Tell you what man they are very difficult to install and align. I would just talk DirecTV into doing it for free.


----------



## lwilli201 (Dec 22, 2006)

I got my AT9 (Side car) from EBay. I guess you are always taking a chance with Ebay, but I have purchased 2 HR20, 1 H20 and Zinwell WB68 multiswitch for Ebay. None have had to be returned.

EDIT: If you do it yourself, put it in a place that is easy to get to.


----------



## Herdfan (Mar 18, 2006)

www.solidsignal.com

Get a meter while you are shopping. They are not hard to install, but you really need a meter.


----------



## RD in Fla (Aug 26, 2007)

If you have an HR20 or an H20 you can use the signal meter on the receiver. I installed my Slimline and really didn't have any problem. When 103(b) went live I had to get up on the ladder and tweak the tilt a bit, not I have all signals in the 90's on all birds. I ordered my dish and multiswitch from solidsignal.com.


----------



## lwilli201 (Dec 22, 2006)

I will say one thing, there is a great feeling of satifaction in doing it yourself.
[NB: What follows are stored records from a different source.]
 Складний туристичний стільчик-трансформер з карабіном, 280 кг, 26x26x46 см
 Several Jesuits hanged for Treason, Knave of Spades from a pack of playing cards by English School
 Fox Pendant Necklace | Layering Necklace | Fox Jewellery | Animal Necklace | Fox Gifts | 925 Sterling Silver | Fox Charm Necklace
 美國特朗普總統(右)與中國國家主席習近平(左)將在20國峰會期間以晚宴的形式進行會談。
Good luck in what ever you decide to do. We will be here to help with any problems you may have.


----------



## dshu82 (Jul 6, 2007)

Same as RD.... used only the signal meters on the reciever. Also purchased everything from Solid Signal, including new RG 6, compression fittings, etc. Good retailer. Had to send back bad LNB when initially got dish as was cracked. No issues.....


----------



## 248 F1 (Sep 22, 2007)

Another vote for Solid Signal. Got mine there. And buy a meter if your dish location makes hauling out a receiver .....and small TV ....... and an extension cord impractical. The meter I bought (Acutrac 22 Pro MkII) was simple to use and cut my aiming / install time significantly.


----------



## techrep (Sep 15, 2007)

I will be the third to recommend http://www.solidsignal.com/


----------



## Anonuser (Jan 15, 2007)

I got mine off Ebay from this seller. Transaction was smooth, and shipping was fast.
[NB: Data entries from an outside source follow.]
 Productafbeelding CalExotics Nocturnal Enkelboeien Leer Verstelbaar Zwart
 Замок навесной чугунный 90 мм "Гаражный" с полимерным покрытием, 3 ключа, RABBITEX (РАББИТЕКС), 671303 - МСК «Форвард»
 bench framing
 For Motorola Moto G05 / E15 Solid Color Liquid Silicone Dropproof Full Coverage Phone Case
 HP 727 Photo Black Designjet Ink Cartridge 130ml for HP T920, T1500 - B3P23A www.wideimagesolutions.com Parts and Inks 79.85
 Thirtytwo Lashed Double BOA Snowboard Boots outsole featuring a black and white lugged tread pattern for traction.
http://stores.ebay.com/TOPSET-TECHNOLOGIES


----------



## holtzd (Jul 30, 2007)

I bought mine from Solid Signal and installed it myself without the use of one of those meters. The signals I get on 103(b) are in the 80's and 90's and even a couple at 100. I followed the directions that came with the dish and used the meter built into the HR20. I talked to my step son via cell phone while he was in the house telling me what the meter was reading while I was on the roof aligning the dish. I've had DirecTV for several years and no DirecTV tech has ever been to my house. I don't trust them. Chances are you would get someone that didn't know anymore about it then you do.


----------



## Tom Robertson (Nov 15, 2005)

Me, I got DIRECTV to install it for free. I could have installed it myself (and just had them drop it off), but I watched, he did a good job, why DIY when I wouldn't have done that part any better? 
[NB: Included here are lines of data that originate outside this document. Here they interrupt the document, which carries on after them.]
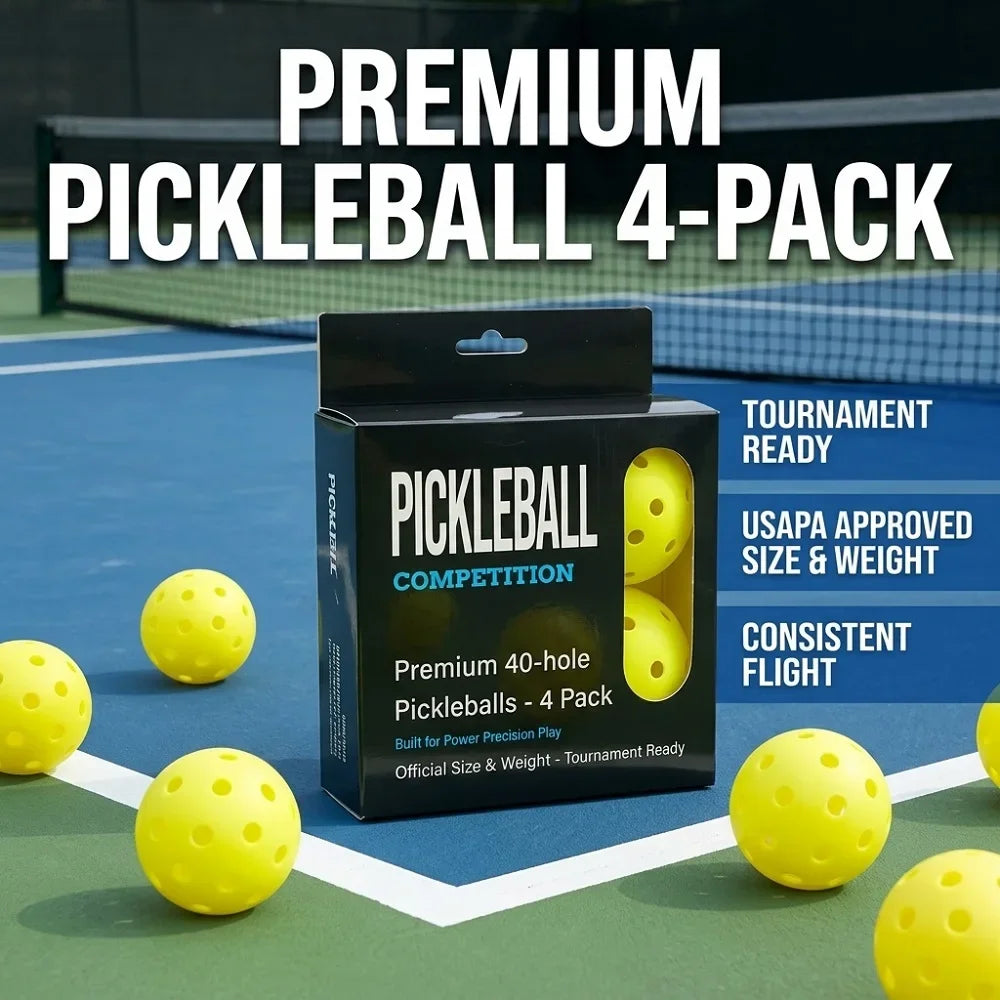Pickleball Ball Practice Set – Indoor & Outdoor 74mm Balls
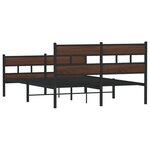 vidaXL Cadre de lit sans matelas avec tête de lit et pied de lit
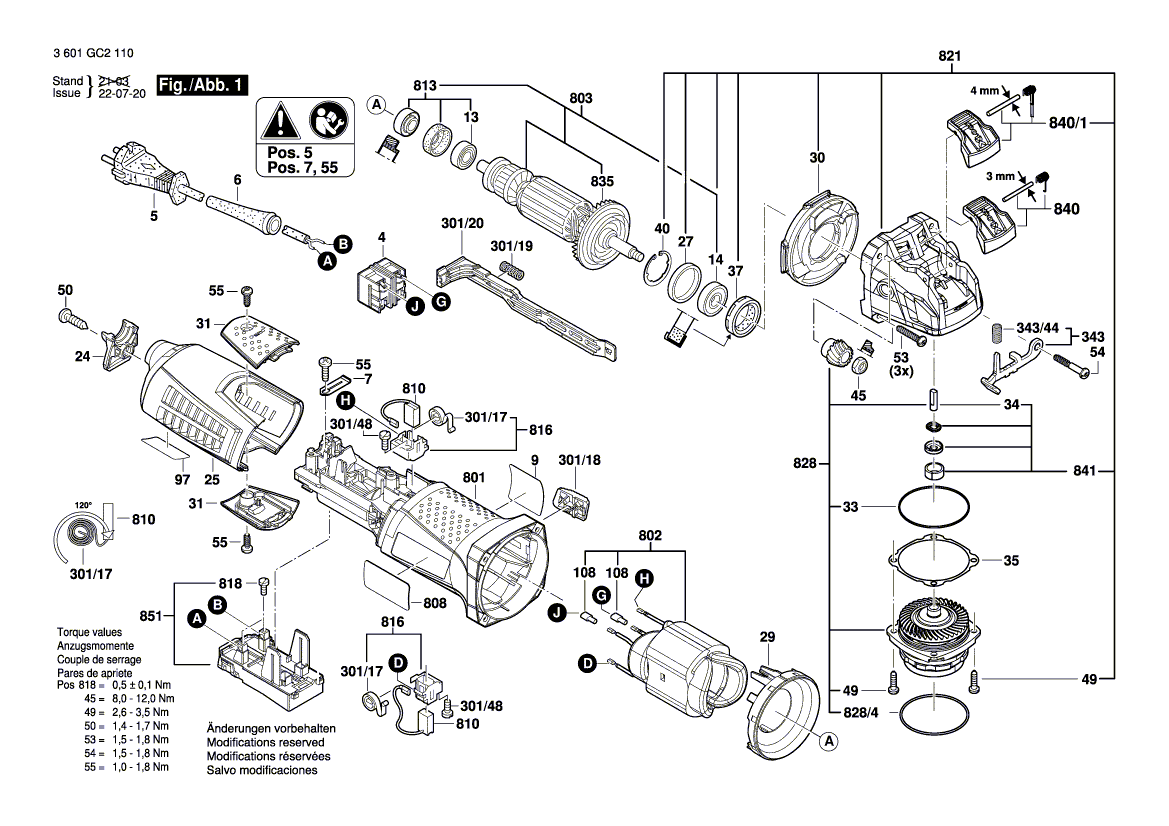 NOUVELLE Assemblage de terrain Bosch 1604220533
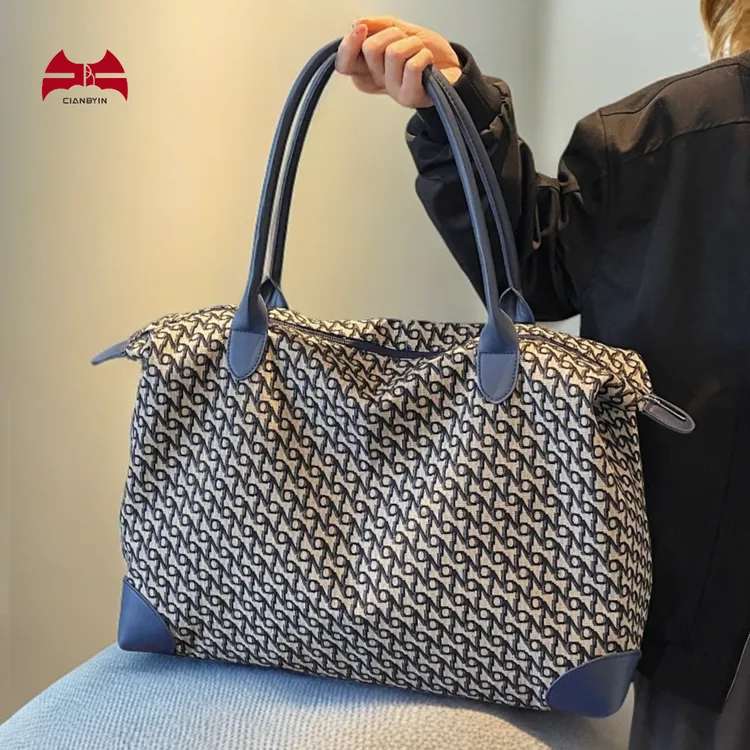 北尹嘉木简约女士轻便旅行袋超大容量旅行包行李包手提单肩大包包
I did install all the cables in the house, hidden and almost none showing on the outside. (Short run from dish to grounding and cover box.)

Cheers,
Tom


----------



## aim2pls (Jun 18, 2007)

lowjeep said:


> Hey guys. Just wondering if you all could advise me as to the best place to buy a slimline dish so I can do a self install. Any help would be greatly appreciated. TIA


Hell get directv to do the free install (aka all the heavy work) ... then fix it yourself


----------



## Bigworm (Sep 2, 2007)

I got mine at http://www.thesatelliteshop.net They actually had slightly better prices than solid signal. They offer package deals as well, w/ or w/out multiswitch etc. I installed myself without a meter, simply using the receiver. It`s harder than a round dish, but it can be done. After I installed I called Directv for a fine tune,just to be safe. One suggestion I can make, depending on where you plan to install is to buy the optional monopoles for stability. They really make a diffrence in high winds.


----------



## ncxcstud (Apr 22, 2007)

I had to buy my own...

You can get them from ebay (really cheap, but I still don't trust the place...), newegg.com, solidsignal, and a few other places.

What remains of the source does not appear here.